I really like the set of interviews in this year’s Highlights, but having a couple weeks in a row where Brandon and I aren’t recording really makes me miss the weeks like this one. I love being able to bounce ideas off each other, especially when it’s my turn to write the blog post, too. This week’s pod about the way the sacred is depicted in media has kind of been living in my head ever since.
There definitely seems to have been a significant shift over the past few decades in terms of how the secular world presents the sacred. I think we did a pretty good job of discussing why it bothers us, and even how we feel like it has sort of cheapened the media side of things when the sacred is just a cheap, easy way to bring a shock into your story. What’s been consuming my thoughts since our Monday conversation, though, is what it does to our sense of the sacred as a culture when we make the sacred a prop.

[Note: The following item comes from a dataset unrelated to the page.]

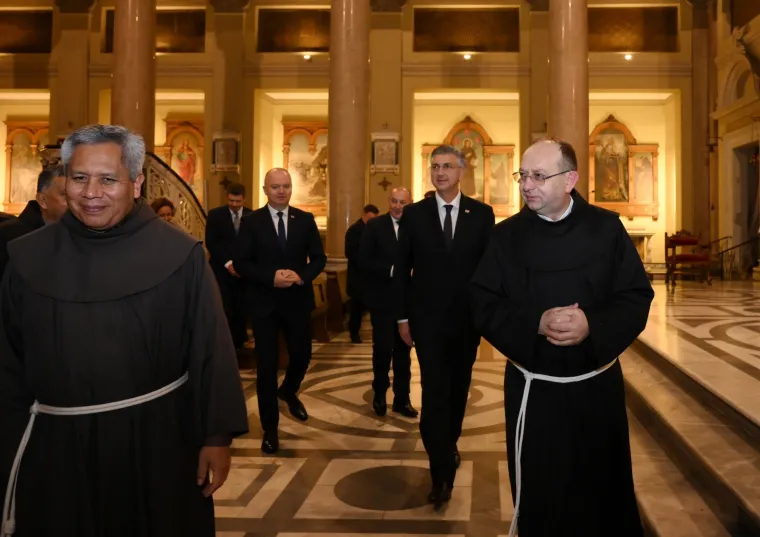Pogledajte &scaron;to su sve Plenković i ministri radili u Vatikanu: 'Pozvat ćemo papu Lava u Hrvatsku'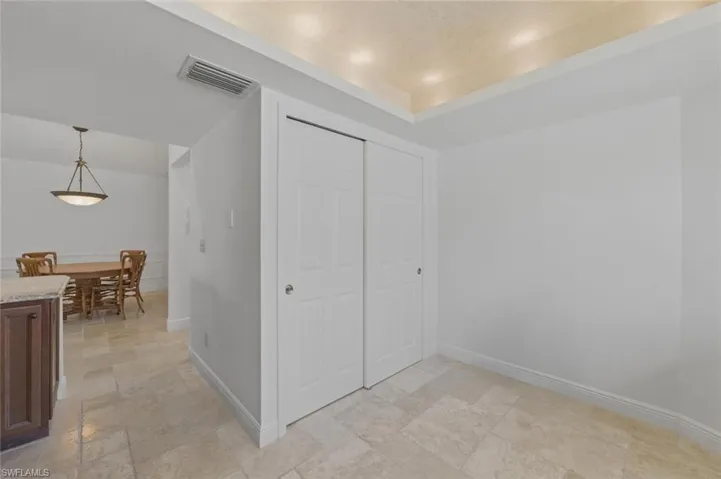 9844  Luna  CIR, Naples, FL 34109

The presence of the sacred in our world is crucial, because it allows us to encounter signs and evidence of the divine which is beyond us. Now, the sacred still intersects with the human, and I’m not opposed to or bothered by the idea that we need to be aware of that influence. After all, there is no shortage of examples of people trying to use the sacred as a shield for their sins and manipulations. It remains true, though, that God chooses to work through people and things to reveal Himself to us. If we train ourselves to view the exceptions(wolves in sheep’s clothing) as the norm, we will close ourselves off to so much of what He wants to show us.